I love that line. Chris Martin penned it and hauntingly sings it in one of his many hits with his band Coldplay. It is an insightful line and one that perhaps an artist will sing but not something that many of us are willing to admit…that we might be missing out on something or someone.
We go about our lives, busy, distracted and filling space. We pass by islands we could have discovered. Maybe those islands take the form of people in potential friends, mates, companions and maybe those islands take the form of restaurants, films, parks…any number of things – but all are experiences that we pass by.
Everyday we pass by islands that we could be discovering.
It’s so easy to fill our day and schedule ourselves into oblivion in order to stay busy. It seems to be a right of passage, a goal, an achievement…the idea of being busy all of the time.

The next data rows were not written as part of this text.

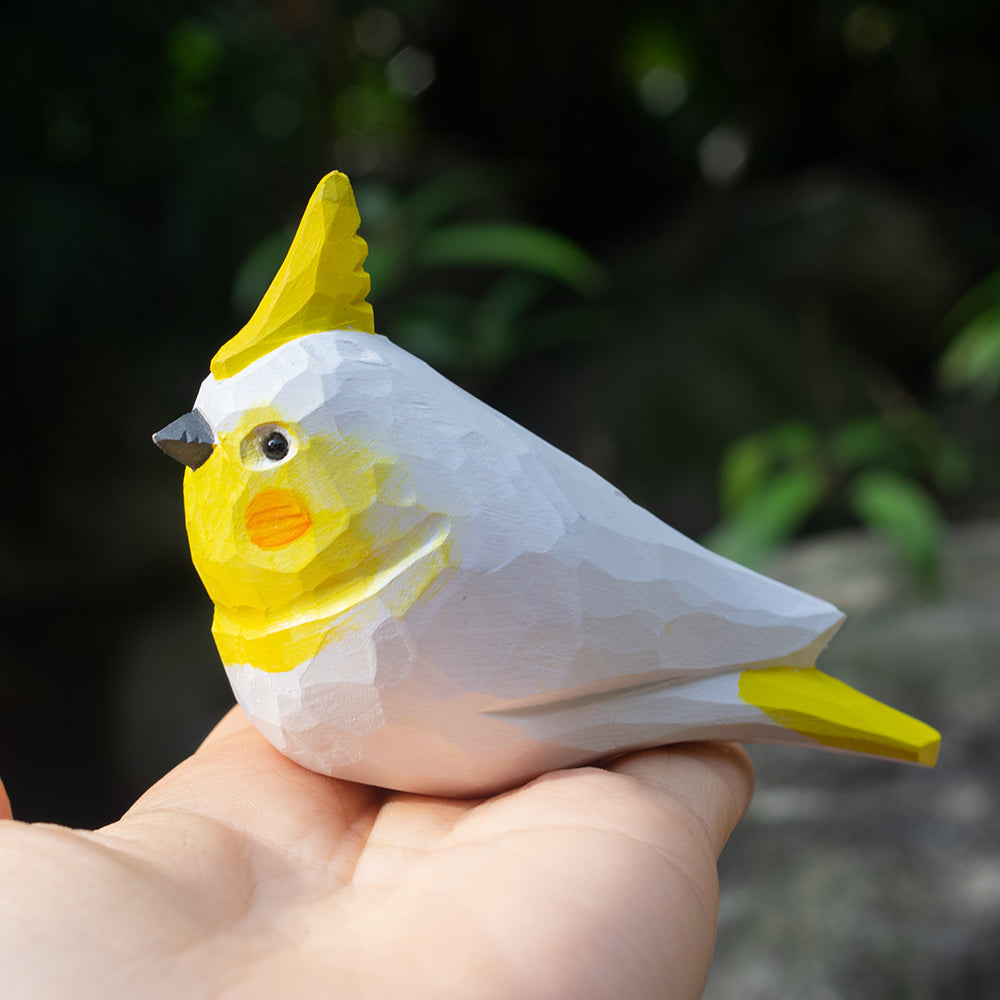 Hand-carved wooden figurine of a Lutino Cockatiel, an ornament great for home decor and gifts. 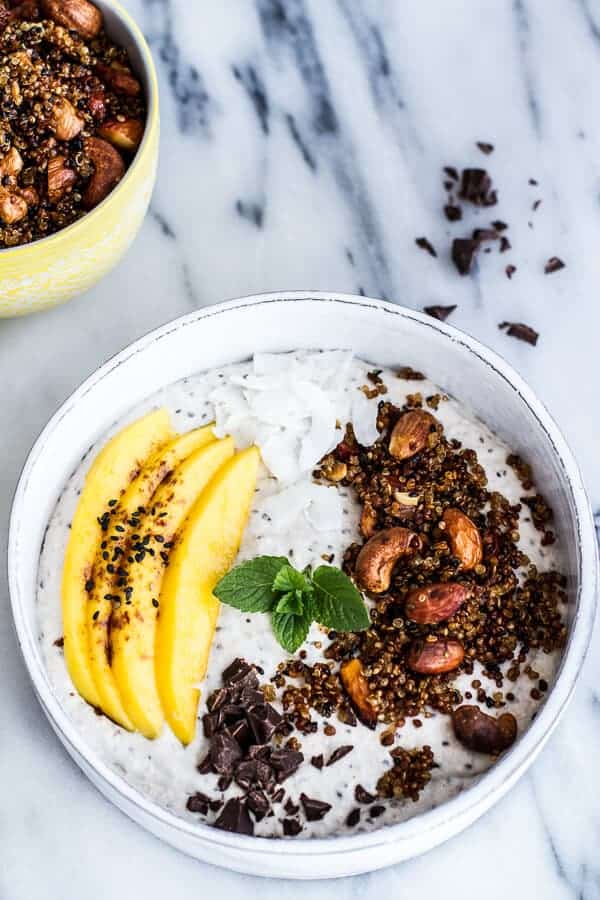 Coconut Banana Oats Smoothie Bowl with Crunchy Black Sesame Quinoa Cereal + Mango | halfbakedharvest.com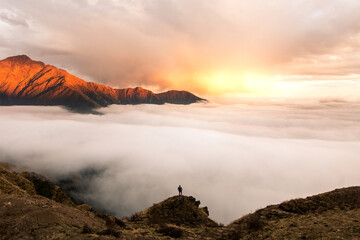 a sea of cloud rolling into the himalayas, nepal at sunset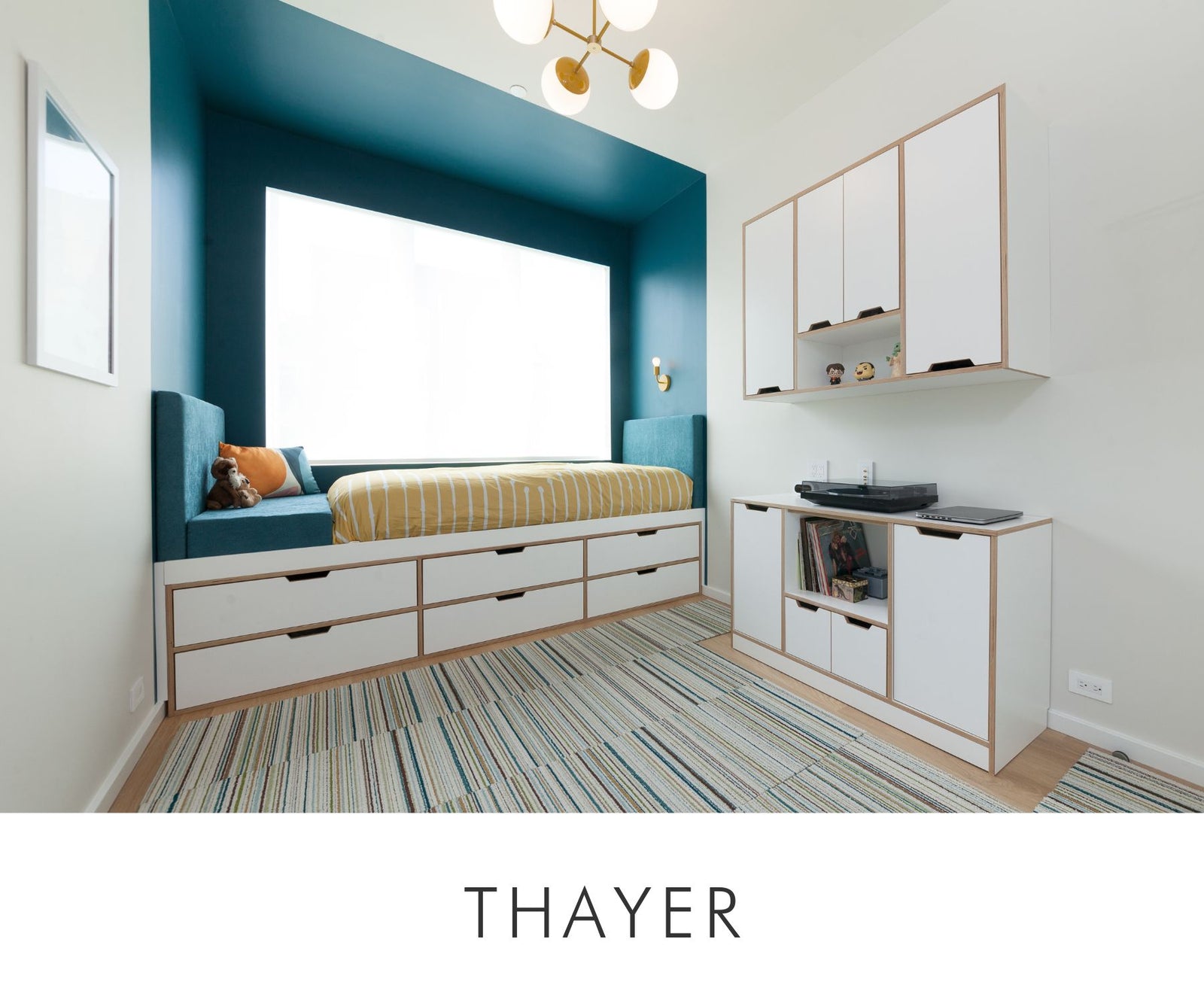 Custom upholstered bed with underbed storage drawers, paired with a white lower cabinet housing a record player and a matching floating wall cabinet above.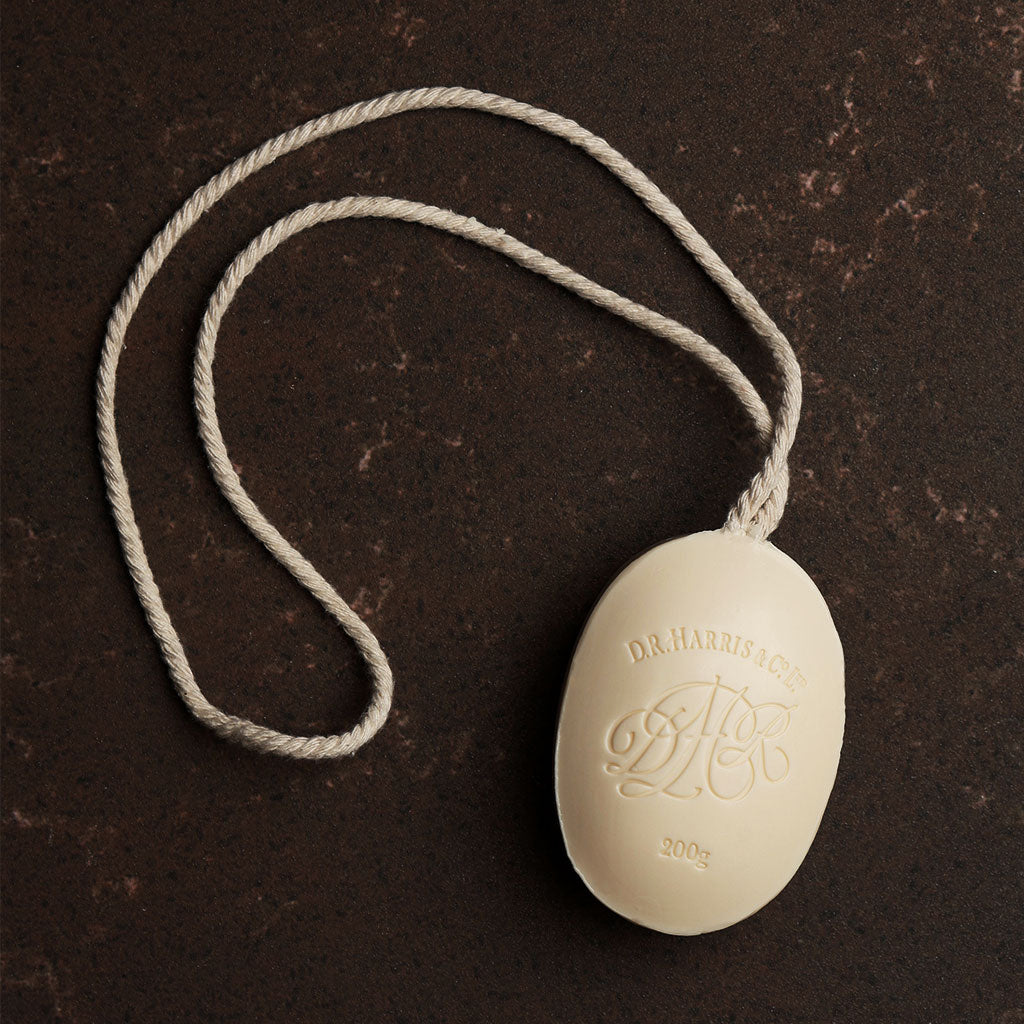 D. R. Harris soap on a rope on a dark brown background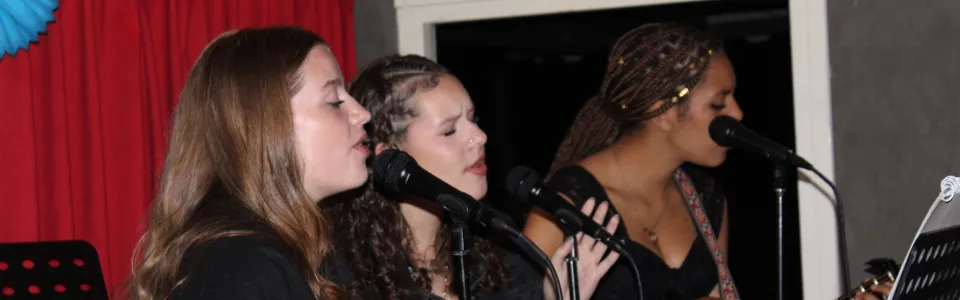 Drie meiden zingen samen, begeleid door een akoestische gitaar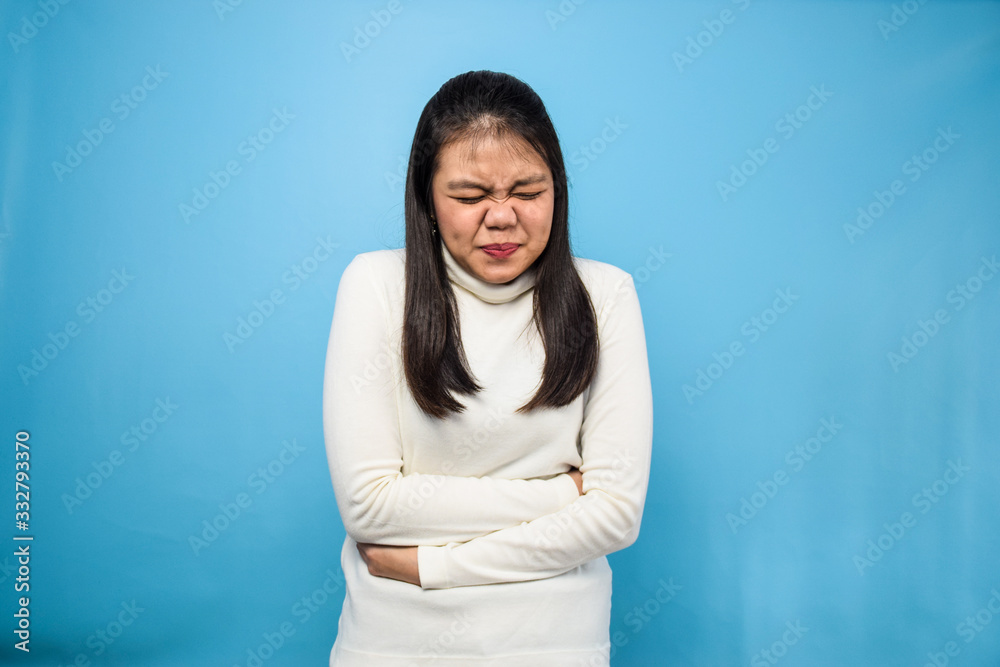 Portrait of Young beautiful asian women using white T-shirt with blue isolated background, stomachache Portrait of Young beautiful asian women using white T-shirt with blue isolated background, stomachache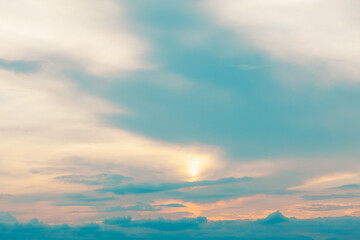 Naklejka na ściany i meble Hazy cloudy sky . The sun is hiding behind the clouds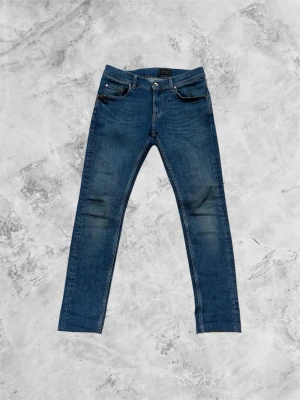 Slim fit Tiger of Sweden jeans - Säljer ett par klassiska blå slim fit jeans från Tiger of Sweden med fem fickor och snygga slitningar på framsidan. Dom är W30 L32 och måtten står i bild 3 och 4.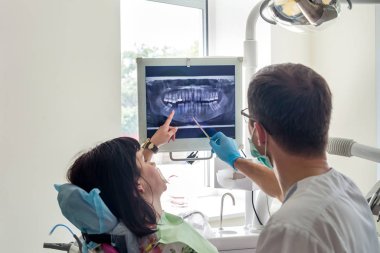 Doktor dişçi hastanın röntgenini gösteriyor.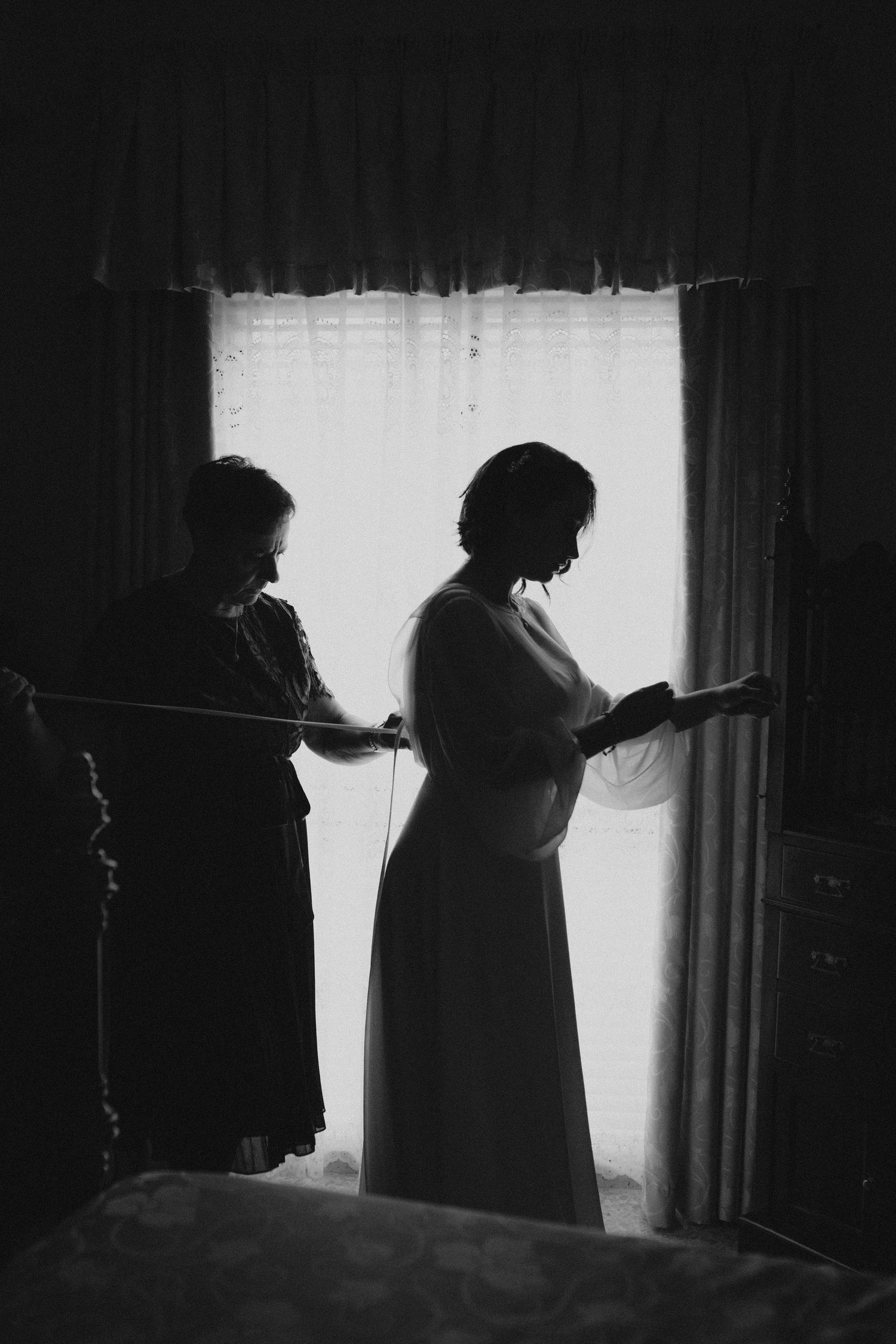 Silhouettes against window light create dramatic wedding day preparation scene.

It seems at times the act of being busy equates to being important in our culture.
It’s as if being busy is ideal. But how does that leave time for spontaneity, for having time to discover people, places and things?
When I was in high school I was one of a small minority of students fortunate enough to participate in a 10-day European tour. In many regards I remember the trip like it was last week. During a very formative time, it opened my ripe, enthusiastic mind and introduced me to a new perspective to a diverse and accessible world waiting to be discovered. The trip was one of the most influential experiences I’ve ever had and is the reason I have continued to travel throughout adulthood. It doesn’t matter whether or not I travel with one person, a dozen or on my own; that 10-day, high school experience planted a seed that has continued to grow. And during that time, sitting in a café (it was actually a bar), in Lucerne, Switzerland, I learned about nuggets.
I’m not sure how things are now, but back then (1982), my parents granted permission for me to travel with the high school group and fully experience the European culture. That meant I could taste wine at dinner or have a beer, for example, in a bar in Lucerne, Switzerland. This wasn’t a party trip and frankly, it never occurred to me then that people drank to get drunk or over-indulged. I was introduced to wine and beer consumption with the casualness that one finds in Europe.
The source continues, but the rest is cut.